If Democrats were to gain Senate control, this shake-up would have significant implications: Under a Joe Biden administration, the upper chamber could make or break lawmakers’ ability to advance ambitious legislative priorities.
Currently, Republicans hold a 53-47 majority in the Senate. That means Democrats will likely have to flip four seats in order to get to 51, factoring in Jones’s loss in Alabama and a likely Biden win. (If Biden wins, Democrats could hold the majority with 50 Senate seats, since Vice President Kamala Harris could serve as a tiebreaker.)
Due to the surge in mail-in voting this cycle, it could take a while to know exactly who wins in several states, and which party holds Senate control, because of the extra time needed for these ballots to get counted. Here’s how Vox (and other media outlets) will be making calls throughout the night and following days.
Key races to watch
There’s one Democrat-held seat that widely favored Republicans, while there are several more GOP-held seats that Cook has classified as toss-ups or trending toward Democrats. Republicans have flipped a Democratic seat in Alabama, and Democrats have flipped Colorado. The Republican-held seats most in contention are Arizona, Maine, North Carolina, and Georgia.
The following races are just a few of the most closely contested ones this cycle:
Alabama: Sen. Doug Jones, the most vulnerable Democrat in the Senate, tried to fend off a challenge from former Auburn University football coach Tommy Tuberville — who has aligned himself closely with Trump. Tuberville was widely favored to win given the conservative skew of the state, and the unique circumstances at play in Jones’s special election victory in 2017.
Colorado: Sen. Cory Gardner was up against popular former Gov. John Hickenlooper in a state where Democrats have been making steady inroads for years. Gardner emphasized his work on bipartisan priorities like funding for land conservation and immigration reform, but his connection to Trump doomed him with swing voters in an increasingly left-leaning state.
North Carolina: Sen. Thom Tillis is yet another Republican whose allegiances to the president are coming back to hurt him in the general election among independent voters and suburban women in a broadly diversifying electorate. His opponent, veteran Cal Cunningham, has also dealt with an extramarital affair scandal in the weeks ahead of the election. It doesn’t seem to have affected his polling lead, but the race appears tight as votes come in.
Arizona: Martha McSally is running once again for an Arizona seat to affirm her appointment as senator, this time against former Astronaut Mark Kelly. Many of the factors that thwarted McSally’s run in 2018 have only become more apparent: Moderate Republicans that previously moved away from Trump — and candidates aligned with him — are continuing to do so. And Latinx voters who have previously leaned Democratic are continuing to grow their share of the electorate.
Maine: Sen. Susan Collins faces her toughest challenge yet from Maine House Speaker Sara Gideon, who is known in the state for her work fighting for renewable energy legislation. Collins has tried to distance herself from Trump some — repeatedly declining to say who she’ll be voting for in the election and voting against his most recent Supreme Court nominee Amy Coney Barrett.

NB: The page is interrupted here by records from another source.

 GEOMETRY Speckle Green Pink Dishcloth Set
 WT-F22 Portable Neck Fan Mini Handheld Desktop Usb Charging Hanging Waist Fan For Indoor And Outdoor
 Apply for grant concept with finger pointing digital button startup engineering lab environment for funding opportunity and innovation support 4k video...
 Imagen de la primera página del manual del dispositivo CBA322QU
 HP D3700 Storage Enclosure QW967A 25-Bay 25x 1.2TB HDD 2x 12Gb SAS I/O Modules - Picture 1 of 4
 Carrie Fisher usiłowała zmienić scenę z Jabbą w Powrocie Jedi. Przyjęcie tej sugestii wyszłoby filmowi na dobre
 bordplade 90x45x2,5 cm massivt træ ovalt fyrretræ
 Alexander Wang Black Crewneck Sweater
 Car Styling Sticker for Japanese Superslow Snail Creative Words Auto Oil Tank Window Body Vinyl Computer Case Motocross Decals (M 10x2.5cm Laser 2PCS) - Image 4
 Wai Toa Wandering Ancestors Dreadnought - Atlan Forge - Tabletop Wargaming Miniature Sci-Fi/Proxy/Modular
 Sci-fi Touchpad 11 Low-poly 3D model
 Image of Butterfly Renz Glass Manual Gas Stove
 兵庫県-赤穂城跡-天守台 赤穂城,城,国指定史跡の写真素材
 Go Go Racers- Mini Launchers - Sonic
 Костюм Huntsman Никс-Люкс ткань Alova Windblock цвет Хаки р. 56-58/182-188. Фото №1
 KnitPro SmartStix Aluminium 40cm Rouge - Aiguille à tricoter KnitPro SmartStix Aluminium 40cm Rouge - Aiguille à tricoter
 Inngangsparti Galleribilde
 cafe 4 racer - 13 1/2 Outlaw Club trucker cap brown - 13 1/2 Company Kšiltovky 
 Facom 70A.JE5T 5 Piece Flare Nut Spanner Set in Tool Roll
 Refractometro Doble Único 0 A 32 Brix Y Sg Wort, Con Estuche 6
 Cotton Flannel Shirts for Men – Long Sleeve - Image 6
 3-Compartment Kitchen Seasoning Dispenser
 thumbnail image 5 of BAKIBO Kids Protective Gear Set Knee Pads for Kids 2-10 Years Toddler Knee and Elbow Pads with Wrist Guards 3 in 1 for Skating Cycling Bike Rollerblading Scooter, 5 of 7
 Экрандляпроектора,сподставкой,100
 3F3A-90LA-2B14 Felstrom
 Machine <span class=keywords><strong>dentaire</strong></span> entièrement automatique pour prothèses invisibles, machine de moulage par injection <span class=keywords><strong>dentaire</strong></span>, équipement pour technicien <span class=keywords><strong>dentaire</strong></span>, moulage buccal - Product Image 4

Iowa: Sen. Joni Ernst ran as an outsider who would hold Washington accountable for excessive spending, but as the incumbent, she caught flak for her closeness to the president and his damaging trade and ethanol policies. Meanwhile, real estate developer and challenger Theresa Greenfield emphasized her moderate bona fides and knowledge of industry in the state.
Correction, 11/3 6:30 pm ET: This post has been updated to accurately reflect poll closing times in Alaska and Hawaii.